But the man who, like the Celts, fears nothing, neither earthquake nor waves, may be called, not courageous, but rather mad or insensate. Mr. Irving sends the following note, giving a somewhat different view of the passage, from "God in Shakspeare," by "Clelia," 1890:

"In modern editions there is always a note of interrogation (?) where in the 1623 edition there was a colon (:). If a note of interrogation (?) in the fifth line were correct, we should have the question asked, "Is it nobler in the mind to consent to life or to consent to suicide?" And the question would be thus answered: "It is nobler in the mind to consent to suicide, because death is more desirable than life, and because a brave man should risk the mere possibility that the soul may be immortal, and that present conduct may affect injuriously happiness in another world." But if this be, as indeed it is, completely unsatisfactory as an answer to the question supposed, then surely it will be our bounden duty to the poet to examine the opening lines as originally printed not as a question, and to accept the meaning they shall then appear to have, if any, and if less in conflict with the soliloquy as a whole.
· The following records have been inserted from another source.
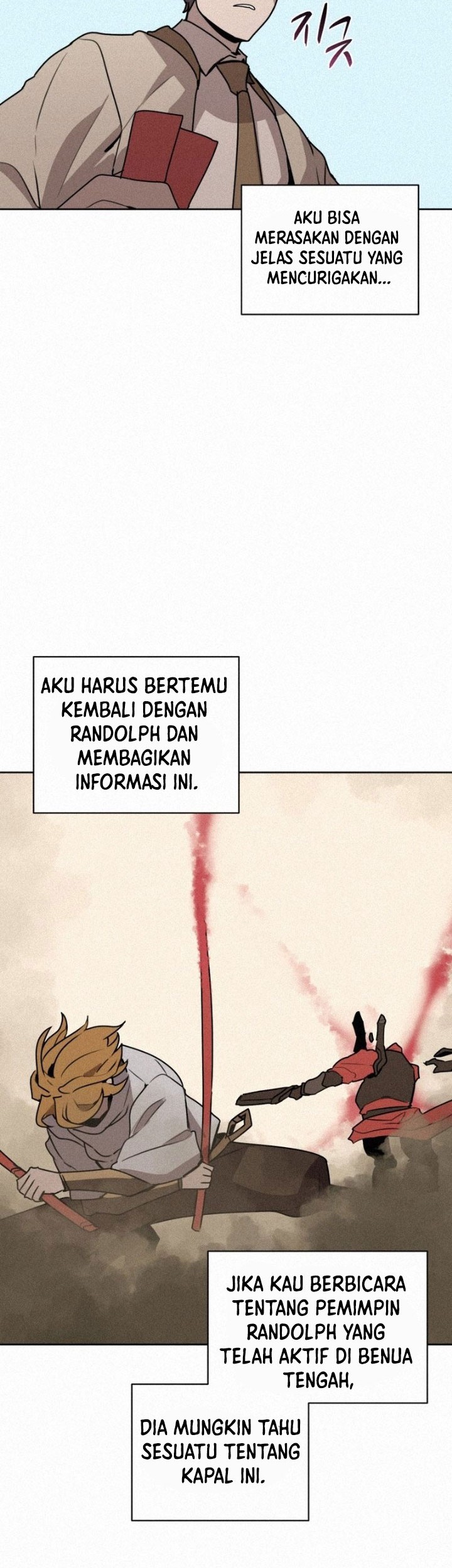 The Book Eating Magician Chapter 101 Gambar 19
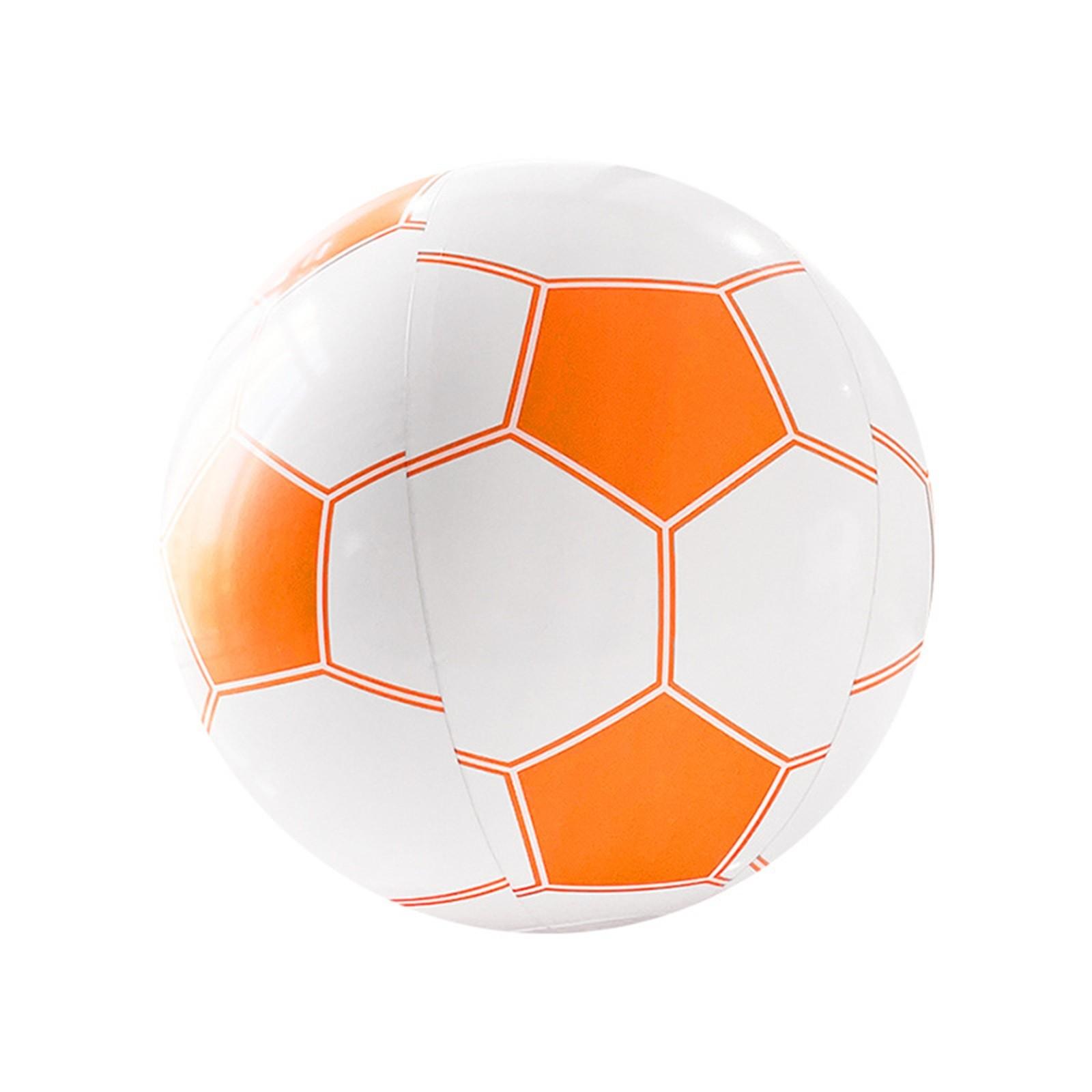 

Многоцветное водное поло, надувной пляжный мяч из ПВХ, детский бассейн, вечерние игрушки, летние водные развлечения, игры на свежем воздухе One Size оранжевый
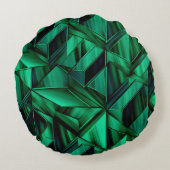 エメ大切ラルドインスパイア石 ラウンドクッション (裏面)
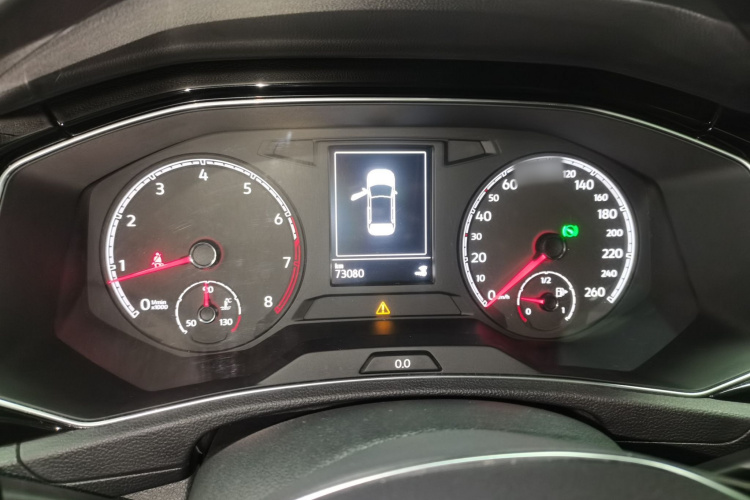 大众 T-ROC探歌 2018款 280TSI DSG四驱舒适型 国V局部细节14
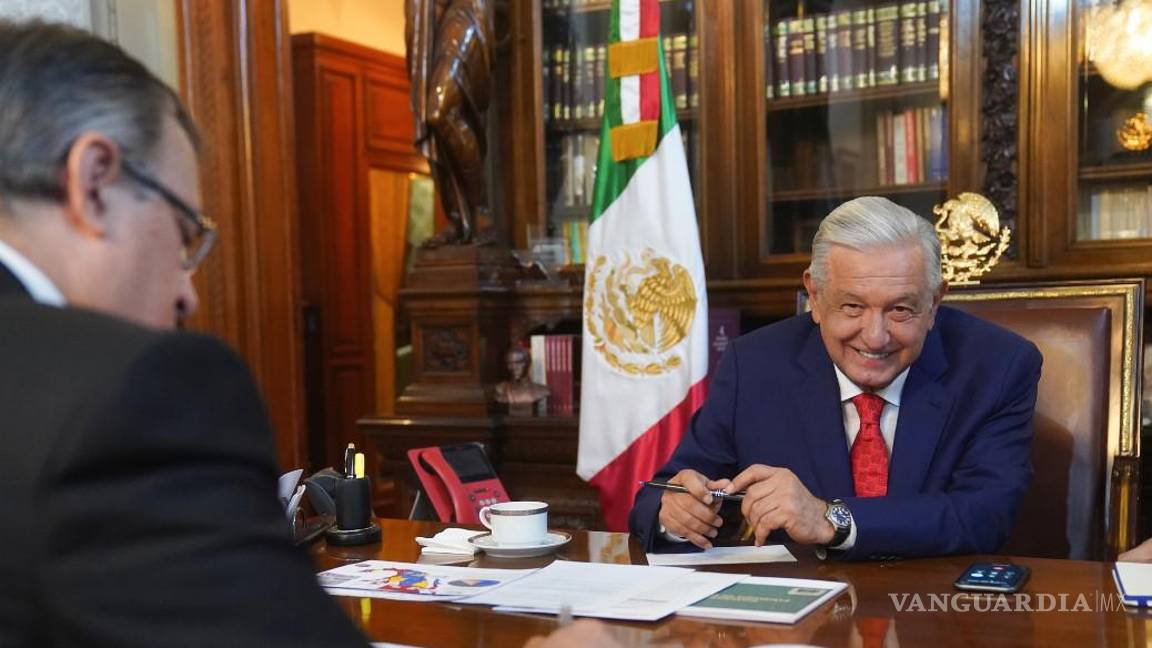 ‘Somos buenos vecinos y amigos’, afirma AMLO sobre diálogo con Biden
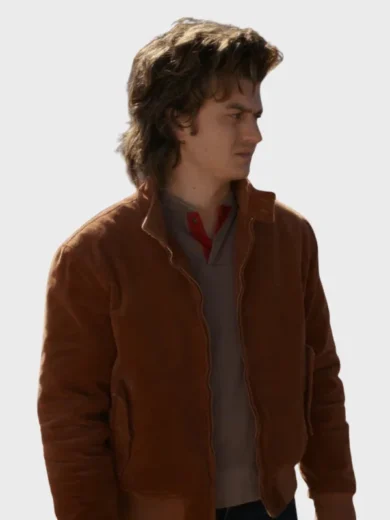 Wrangler Stranger Things Steve Jacket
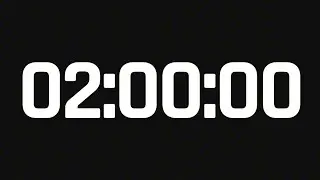 2 Hours Timer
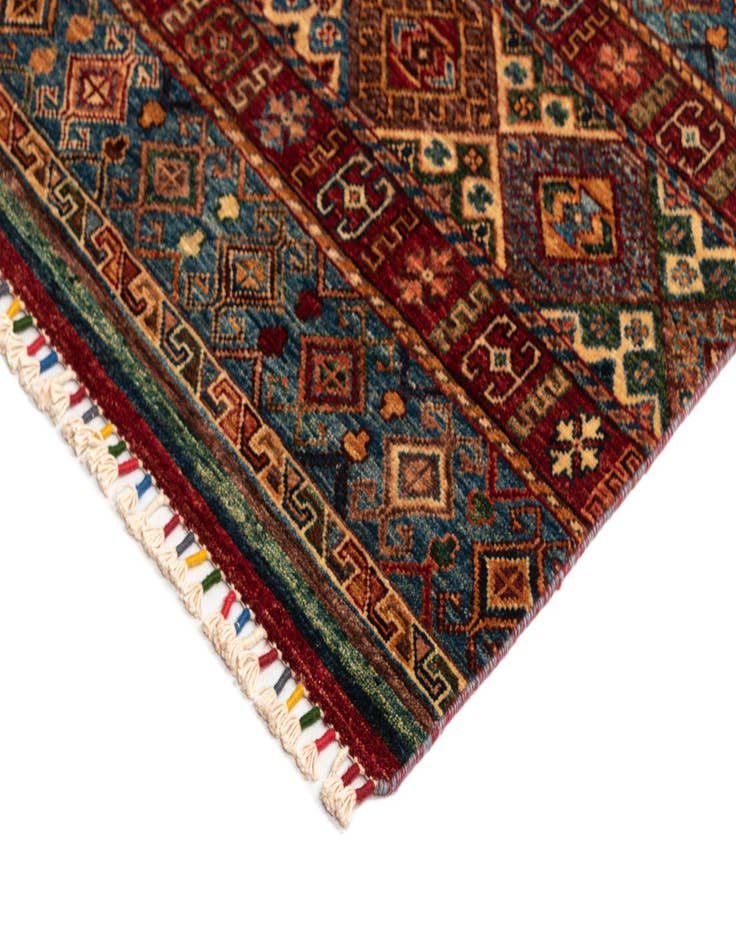 Detail image of  5' 7 x 7' 10 Ariana Ziegler Wool Rug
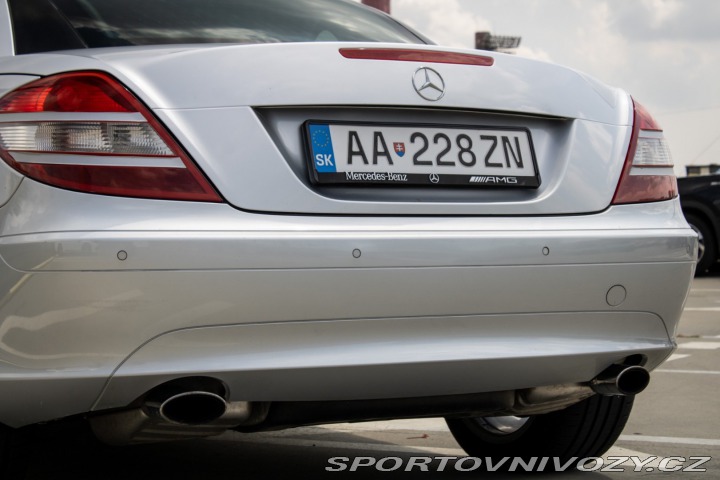 Mercedes-Benz SLK 200 Kompressor, 120kW, M 2005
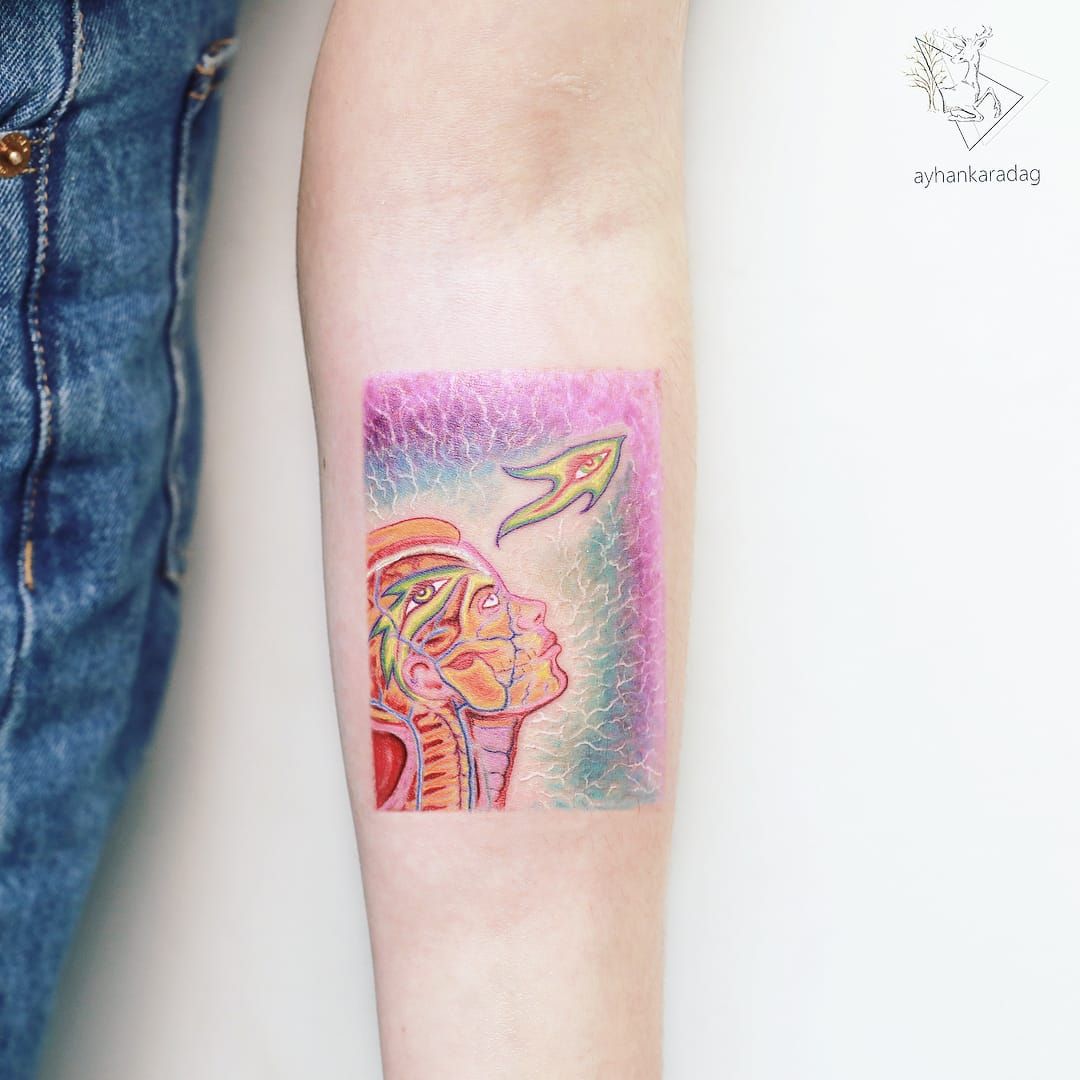 Winston the Whale Makes Trippy Tattoos Straight Out of an Acid Trip
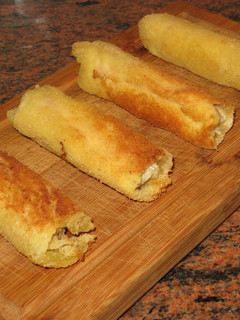 Una foto de Flamenquines de pan de molde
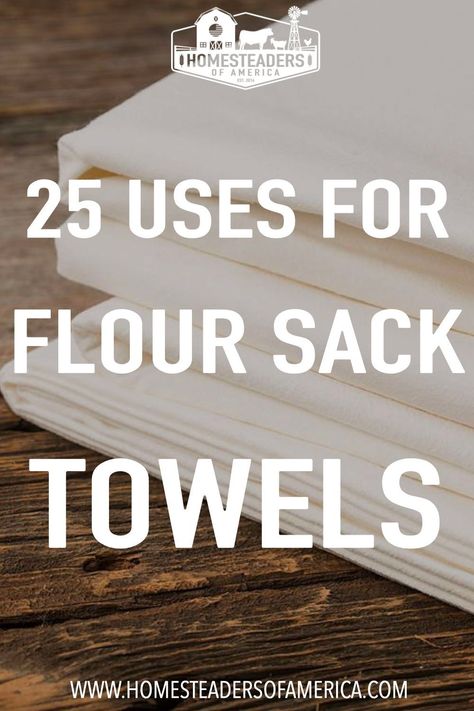 Flour sack towels are inexpensive and Uses For Flour Sack Towels, Flour Sack Tea Towels Diy, Christmas Flour Sack Towels Diy, Flour Sack Projects, Embroidered Flour Sack Towels Diy, Diy Flour Sack Towels, Flour Sack Towels Crafts Diy, Flower Sack Towel Ideas, Vintage Flour Sack Ideas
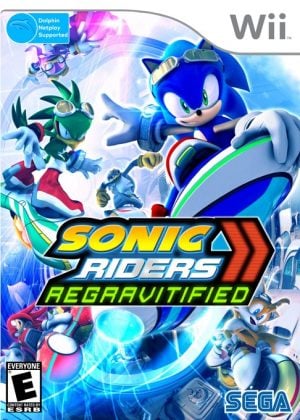Sonic Riders Regravitified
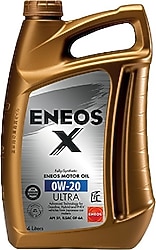 Eneos X 0W-20 Ultra 4 lt Motor Yağı - 2024
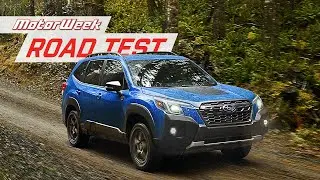 2022 Subaru Forester Wilderness | MotorWeek Road Test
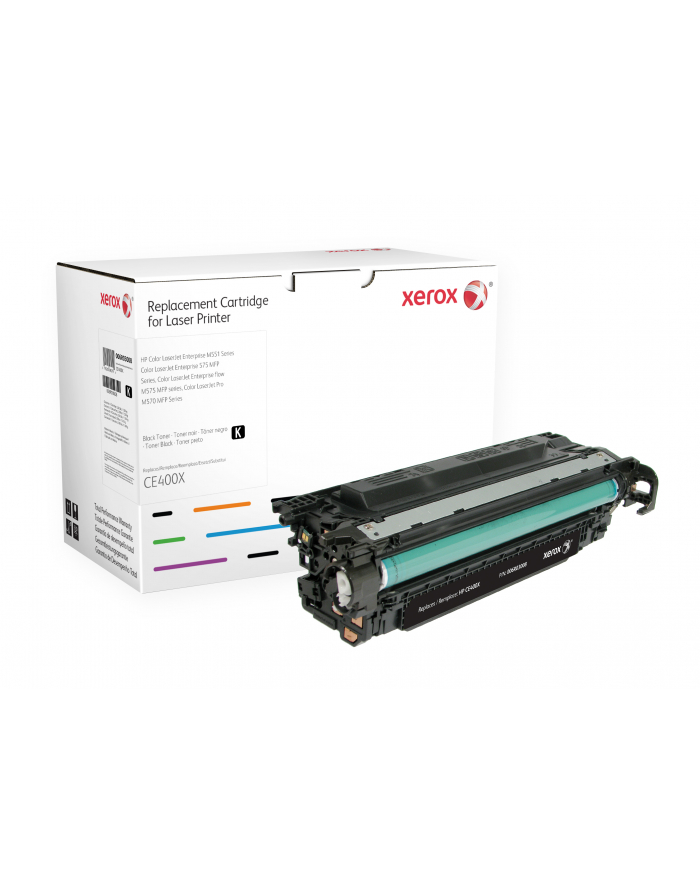 Toner Xerox 006R03008 |  | 11000 str. | HP CE400X główny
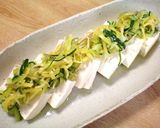 沢庵とキュウリで　カラフルさっぱり薬味♪作り方3写真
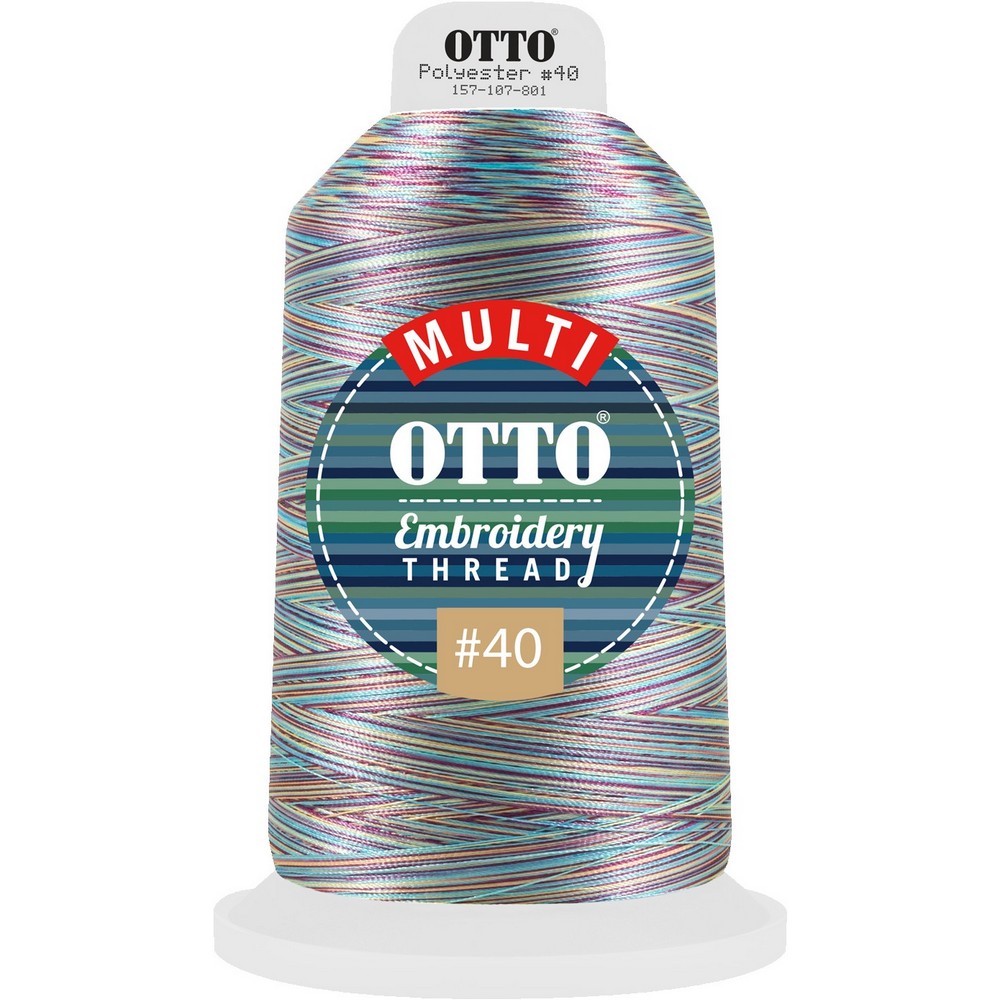 OTTO Embroidery Multicolor Thread #40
Is it noble in the mind at all to do what is simply desirable? And when the mind acknowledges the possibility of immortality, acknowledges a portentous risk in suicide, can it be considered noble in the mind to be reckless of this risk? No, to both questions.

"My final reason for not accepting this 'emendation, this grotesque protest against itself-?, is that there was never any need to change the colon in the 1623 edition, even if a question was asked. But no question was asked, and so the change entirely destroyed the sense of this whole soliloquy. I will now restore the sense, so long lost. Here it is in paraphrase: "Whether it is nobler in the mind to bear evil or resist it, after all the great question is, Is there a life after death? If there be not, let death come and end all. If there be,-ah, that is the thought which makes men endure the ills of life. Conscience makes cowards of them. They dare not die. And thus, conscience, and thinking generally, stand as with me in the way of action."

302. Line 65: ay, there's the RUB.-See Richard II. note 242. The word is a technical term in the game of bowls. 303. Line 67: When we have shuffled off this mortal COIL. -The word coil is often used by Shakespeare in its old sense (not yet quite evaporated) of turmoil or troublesome confusion. This mortal coil might thus mean what Poe terms "the fever called living." There is also the other sense of coil, as in a coil of ropes; so that with the general idea of turmoil there may be a special reference to something coiled round the body, entangling and fettering it, or to the body as what Fletcher (Bonduca, iv. 1) calls the "case of flesh."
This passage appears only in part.